Tensor of seed node indices.

required
k int

Number of hops.

required

Returns:

Type Description
Tensor

torch.Tensor: Sorted tensor of expanded node indices.

extract_gcn_embeddings_with_metadata(model, graphs, sample_list, base_path, z_joint, device='cuda:0', spatial_key='spatial_px', celltype_key='celltypes', adata_by_sample=None, batch_size=None, k_hop=2)

Extract GCN embeddings along with metadata such as spatial coordinates and cell types.

This function supports two inference modes:

  • Full-graph inference (default, exact behavior): If batch_size is None, the entire graph is moved to the device and processed in a single forward pass.

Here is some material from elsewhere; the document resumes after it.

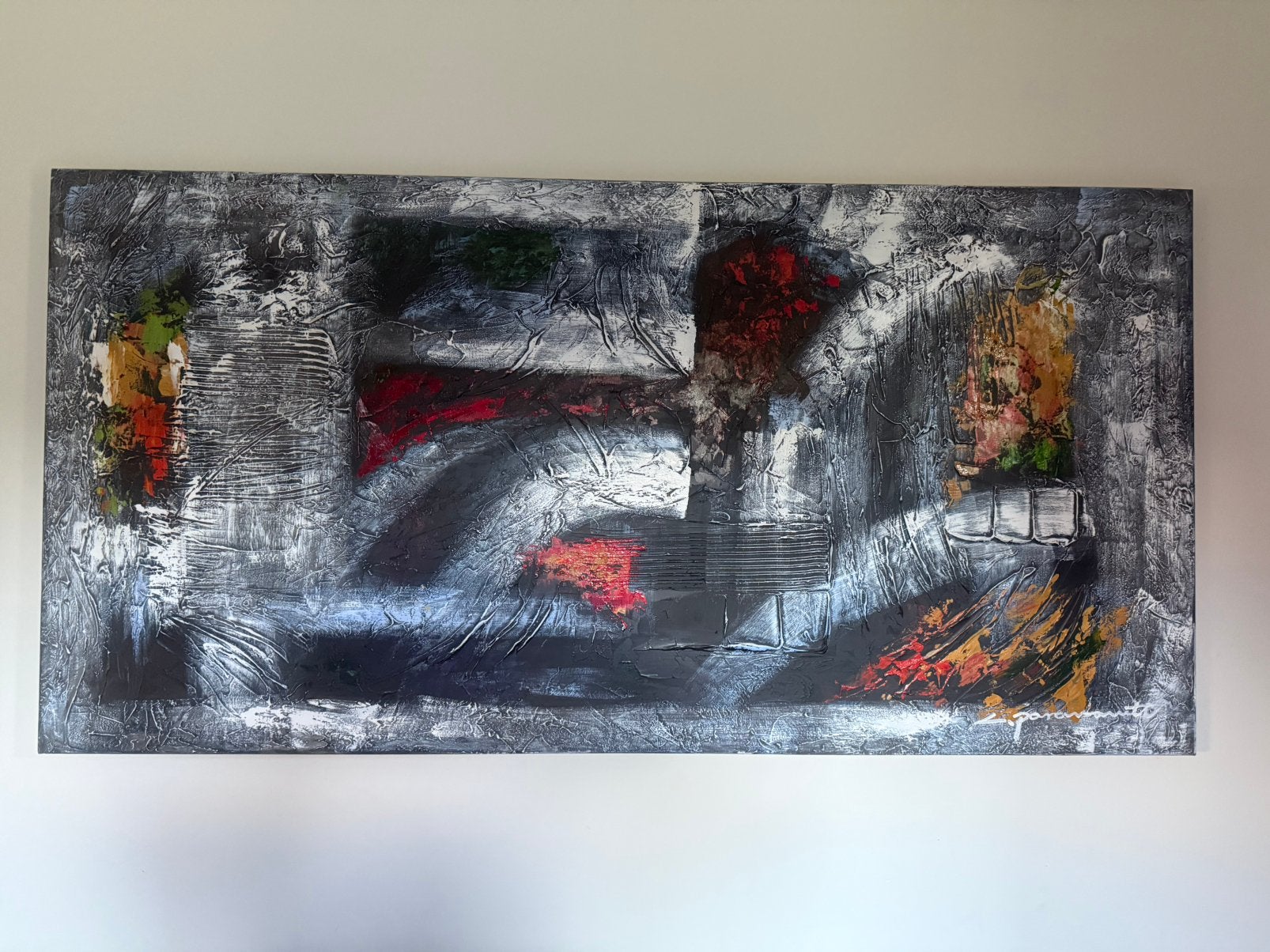 Schilderij abstract groot!, Antiek en Kunst, Ophalen of Verzenden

  • Batched subgraph inference (memory-efficient): If batch_size is an integer, nodes are processed in batches. For each batch of seed nodes, a k-hop subgraph is constructed to preserve exact receptive fields for multi-layer GCNs.

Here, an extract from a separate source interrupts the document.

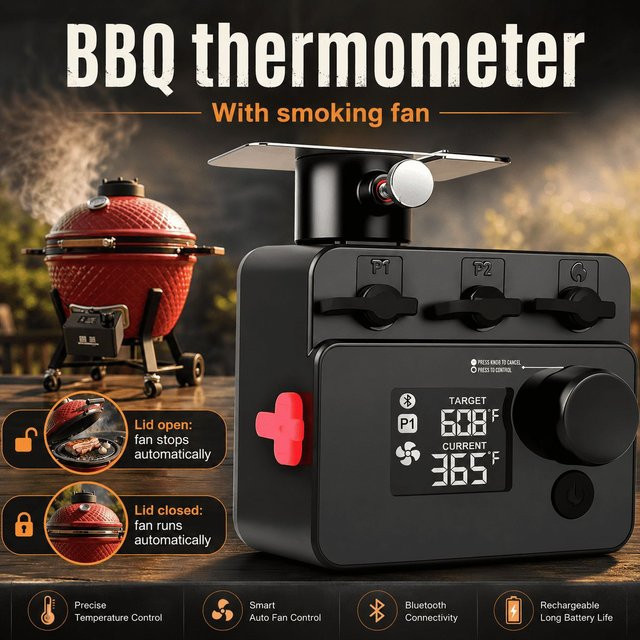 Xinsio Kabelloses Bluetooth Kamado-Ofen-Thermometer mit PID BBQ-Lüfter-Controller und digitaler Temperaturanzeige für Smoker und Rotisserie in Schwarz - Bild 1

Supports both in-memory AnnData inputs and on-disk loading via base_path.

Parameters:

Name Type Description Default
model Module

Trained GCN model with an encode(graph, features) method.

required
graphs list[DGLGraph]

List of DGL graphs, one per sample, containing node features in ndata["feat"].

required
sample_list list[str]

List of sample IDs corresponding to the graphs.

required
base_path str or Path

Root directory containing per-sample subdirectories. Used only if adata_by_sample is not provided.

required
z_joint DataFrame

Joint embeddings from the autoencoder step. Used to align graph nodes with cell identifiers.

required
device str

Device string for inference (e.g., "cuda:0" or "cpu").

'cuda:0'
spatial_key str

Key name for spatial coordinates stored in adata.obsm.

'spatial_px'
celltype_key str

Column name in adata.obs or celltypes.csv for cell type annotation.

'celltypes'
adata_by_sample Optional[Dict[str, AnnData]]

Optional mapping from sample IDs to preloaded AnnData objects. If provided, this takes precedence over disk loading.

None
batch_size Optional[int]

Number of seed nodes per subgraph batch. If None, full-graph inference is used.

None
k_hop int

Number of hops for subgraph expansion when batching. Should match the effective receptive field of the GCN.

2

Returns:

Type Description
DataFrame

pd.DataFrame: Concatenated DataFrame of GCN embeddings across all samples, including metadata:

  • sample_id
  • cell_id
  • celltype (and optional subtype/niche labels)
  • spatial coordinates (X_coord, Y_coord)
  • optional ligand–receptor features if present

Raises:

Type Description
FileNotFoundError

If AnnData cannot be loaded from memory or disk.

ValueError

If graph node count does not match aligned cell identifiers.

infer_output_dim(model, feat_dim)

Infer the output dimensionality of a GCN encoder.

This function runs a dummy forward pass through model.encode using a single-node graph to determine the latent output size.

Parameters:

Name Type Description Default
model Module

GCN model with an encode method.

required
feat_dim int

Input feature dimensionality.

required

Returns:

Name Type Description
int int

Output embedding dimensionality.